Derrière chacune des 135 milliards de lignes de la bibliothèque du Congrès il y a un auteur. Que nous connaissons. Ou que nous apprendrons à connaître. Mais qui sont les auteurs des 2 milliards de lignes de Google ? Les ingénieurs de Google bien sûr. Mais est-on capable de tous les connaître ? D'établir ce que chacun d'entre eux a apporté à cette "oeuvre" ? Et au-delà de leur apport, que sait-on de leur vie ? En lisant "La Recherche" nous connaissons ou nous découvrirons l'homosexualité de Proust. En lisant le Voyage au bout de la nuit nous connaissons l'anti-sémitisme de Céline. Que savons-nous de la sexualité, des opinions politiques, du racisme ou de l'anti-sémitisme de ceux qui écrivent l'oeuvre de Google ? De Facebook ? Est-il utile que nous en ayons connaissance ? Vous pensez que non ? Vraiment ? Est-il vraiment inutile de comprendre pourquoi certains employés de Facebook par exemple sont effectivement racistes ? Ce "racisme" est-il sans effet sur l'oeuvre du code de Facebook ? Sur ce que permet, sur ce qu'autorise, sur ce que donne à lire le code de Facebook ? Bien sûr que non. L'oeuvre ne raconte pas l'homme mais la vie de l'homme éclaire certaines parties de son oeuvre. Renier le Contre Sainte-Beuve.

Deux milliards de lignes sans auteur, 400 000 volumes "anonymes par excès d'auteur", une oeuvre dont nous ne savons rien des auteurs, et que nous sommes incapables de lire, de déchiffrer. Mais qui à chaque instant accompagne, oriente, modifie nos vies, nos décisions, notre rapport aux autres, notre accès à l'information. Est-ce bien cela que nous voulons ?

Au Contre Sainte-Beuve de Proust il nous faut écrire un "Pour Lessig". Oui, Lawrence Lessig. Auteur de "Code is Law". Dans lequel, dès Janvier 2000, il y a 15 ans, il nous mettait en garde contre ces oeuvres algorithmiques anonymes par excès d'auteur.

"Le code régule. Il met en place certaines valeurs plutôt que d'autres. Il rend possible ou interdit certaines libertés. Il protège la vie privée ou favorise la surveillance. Des gens choisissent la manière dont le code effectue tout cela. Des gens écrivent ce code. Dès lors le choix n'est pas de savoir si les gens pourront choisir la manière de réguler le cyberespace. D'autres gens – les codeurs – le feront.

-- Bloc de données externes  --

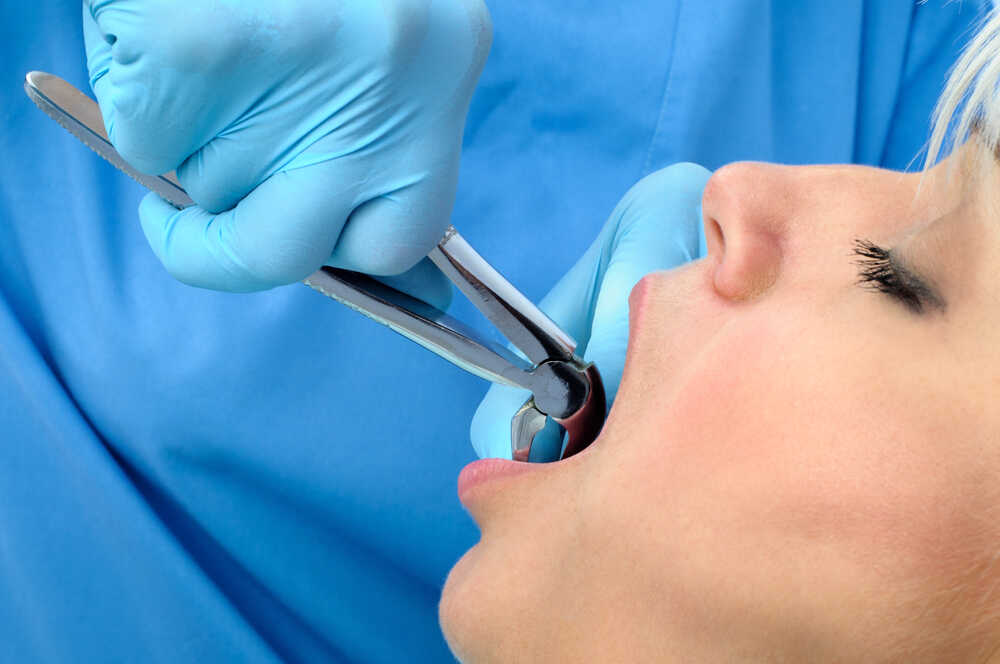 ekstrakcja zęba w klinice stomatologicznej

Le seul choix est de savoir si nous jouerons collectivement un rôle dans leurs choix – et si nous pourrons alors déterminer la manière dont ces valeurs se régulent – ou si nous autoriserons collectivement ces codeurs à décider de ces valeurs à notre place."

Le problème de ces 2 milliards de lignes de code est qu'elles dirigent déjà des pans entiers de nos vies. Le problème de ces 2 milliards de lignes de code est qu'elles sont impossibles à auditer. Le problème de ces 2 milliards de lignes de code est qu'elles engendreront nécessairement des bugs. Que l'essentiel de ces bugs nous sera indolore. Mais que quelques autres causeront de formidables et d'irréparables pertes. 

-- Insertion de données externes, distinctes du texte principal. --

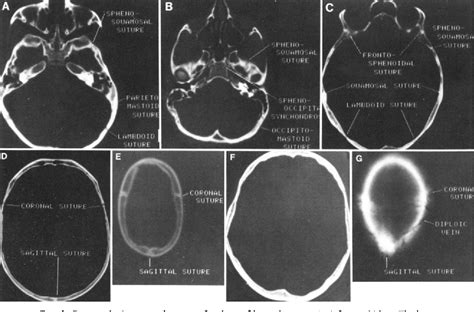 Figure 6 from Computerized tomography of cranial sutures. Part 1 ...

Ces 2 milliards de lignes de code pour Google, ces 50 millions de lignes de code pour Facebook constituent une oeuvre, leur écriture est porteuse de sens, d'intentionnalité ; une oeuvre et un discours, de l'ordre du discours-programme, véhiculant des valeurs, une forme d'éthique ou de déontologie au travers des dizaines de millions de choix qu'elles rendent possible, qu'elles autorisent ou qu'elles interdisent, et qu'elles transcrivent littéralement. Le code de Google c'est 2 milliards de lignes. La loi des hommes c'est trois-cent mille lignes. Si le code c'est la loi, alors la loi fait 2 milliards de lignes et les 300 000 du code civil et du code pénal ne sont plus qu'un code suranné, obsolète.

En voiture Simone.

Des voitures autonomes équipées de logiciels "tricheurs". Des voitures autonomes piratables à distance. Des voitures autonomes impliquées dans des accidents. Trois fois la même question. Qui est responsable ? Trois fois le même corrélat : comment établir cette responsabilité ? Si c'est "le code" qui est responsable, alors qui est responsable du code ? Qui est l'auteur de ces 2 milliards de lignes ? Qui prend la décision de laisser "le code" prendre des décisions ? Et pour chaque décision prise par le code, comment et par qui est bâtie la hiérarchie et l'itération de contraintes, de variables, de paramètres qui conduiront à cette décision ?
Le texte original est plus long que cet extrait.